According to its manager, Pieter Roux, 40% of the workforce of Hlanganani Protection Services, one of the 12 firms guarding Metrorail, were absent because of the strike.
Train guards are soft targets because strikers can access the trains easily and know train routes, he said.
Yet Boyane Tshela of the Institute for Security Studies said he was not convinced that striking workers were responsible for the increase in crime on trains.
”The very fact that there are no security guards on the trains means that the passengers are vulnerable,” he said, adding that only a court conviction would prove strikers’ responsibility.
Police spokespersons said that police have arrested 62 strikers in Gauteng and the Western Cape but no arrests have been made in connection with train deaths.

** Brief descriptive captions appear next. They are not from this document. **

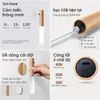 Đèn LED cảm biến chuyển động thông minh sạc USB 2 chế độ điều chỉnh cho mọi không gian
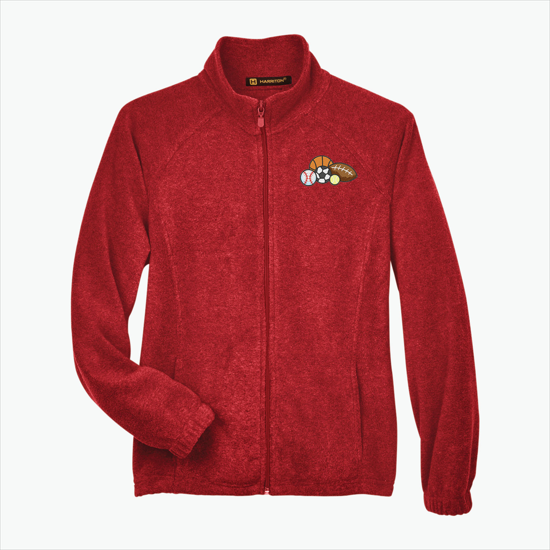 Harriton Full-Zip Fleece Jacket - Women's
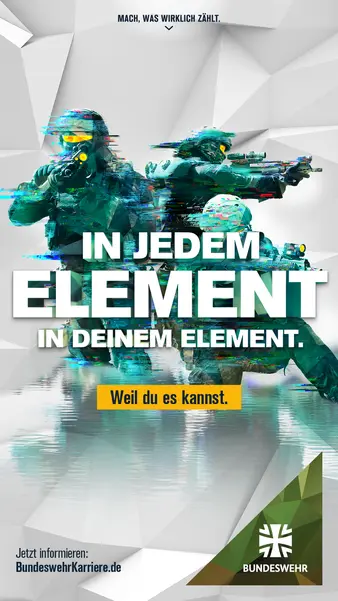 Imagekampagne Spezialkräfte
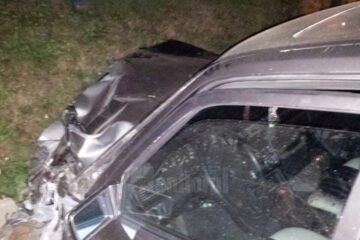 Starea în care au ajuns cele două mașini arată că impactul a fost foarte violent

Despite the glimmer of a resolution to the month-long South African Transport and Allied Workers’ Union (Satawu) strike last week, the parties have made little progress towards that elusive goal.

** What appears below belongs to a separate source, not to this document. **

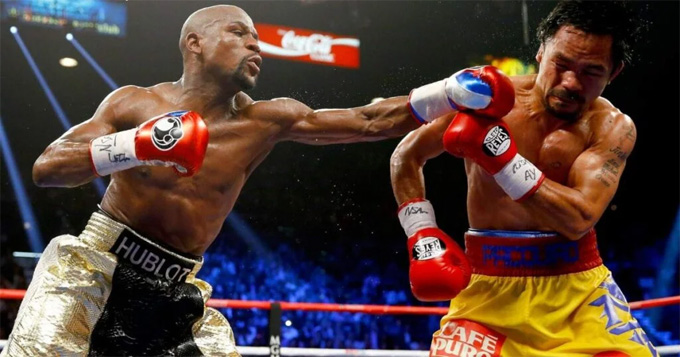 Trận tái đấu Mayweather vs Pacquiao có nguy cơ đổ bể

Employers said they would meet Satawu at the Commission for Conciliation, Mediation and Arbitration on Friday if it suspended the strike and included other unions in talks.
Satawu will negotiate with other unions but will not suspend the strike, said the union’s sector co-ordinator, Jackson Simon, adding that members viewed employers’ efforts to declare the strike illegal as a sign of bad faith.

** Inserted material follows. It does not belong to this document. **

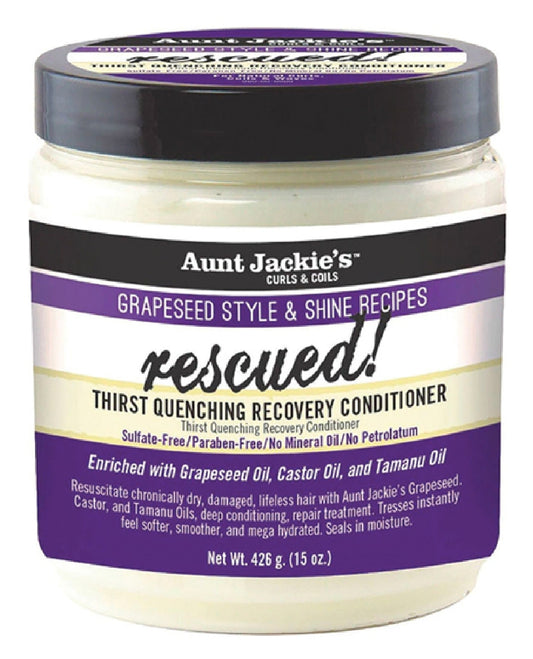 AUNT JACKIE'S GRAPESEED CONDITIONER-RESCUED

On Thursday, employers appealed against a Labour Court decision that the strike was legal. That application was dismissed with costs.
But while employer negotiators have stonewalled on the issue of an 11% wage increase, Western Cape security companies are entertaining the proposal.
Medium-sized firms, which have cut profit margins to make the offer, said that a few dominant multinational security firms are prolonging the strike to squeeze out smaller businesses.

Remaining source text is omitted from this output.